Friday, August 14, 2009

Warning: Science Content

As an April Fool’s joke, Google introduced the Gmail Custom Time feature which allowed users to date and timestamp an email being sent so that they arrive “on time, every time”. Google informed users that they could only date messages back until April 1, 2004, the day Gmail was launched due to a temporal paradox (sub classification: grandfather). A temporal paradox is “a paradoxical situation in which a time traveler causes, through actions in the past, the exclusion of the possibility of the time travel that allowed those actions to be taken”. A grandfather paradox occurs where a time traveler goes back in time and kills his grandfather before his father is conceived. It is a paradox because if this occurs, he will never be born, and therefore never be able to travel back in time to kill his grandfather, thus allowing himself to be born. This example is one type of causality loop.

Now that we had our Star Trek lesson for the day, how does a paradox relate to Quality Assurance?

In society, a paradox is “an apparently true statement or group of statements that leads to a contradiction or a situation which defies intuition; or it can be, seemingly opposite, an apparent contradiction that actually expresses a non-dual truth (cf. Koan).

In Quality Assurance, it is called the “paradox of excellence”. Outside the walls of IT, software development is hard to understand, few realize how hard it is to release software with only a few bugs. When software has lower quality, users will identify and pick up on bugs and other issues with the software. When the software has high quality, users don’t perceive the absence of bugs.
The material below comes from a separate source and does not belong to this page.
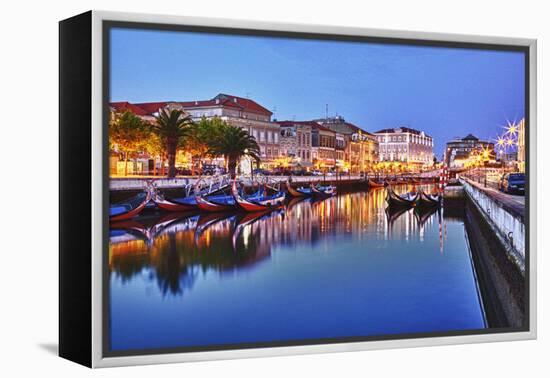 Portugal, Aveiro, Moliceiro Boats Along the Main Canal of Aveiro-Terry Eggers-Framed Premier Image Canvas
The “paradox of excellence” states that QA doesn’t get credit for issues that don’t happen. When QA does their job right, they don’t get acknowledgement or kudos for the lack of issues in a release, in fact no one notices. When an issue arises and the development team scrambles to fix it, they typically get the kudos for the prompt solution and QA gets the blame for not catching it in the first place.

The typical argument I hear from co-workers is that it is QA doing their job, and they don’t need kudos for that. As a senior executive, how often do you reward developers, project managers and business analysts for delivering a project on time? When the last time you acknowledged the job QA is doing (and not just as a member of a project)?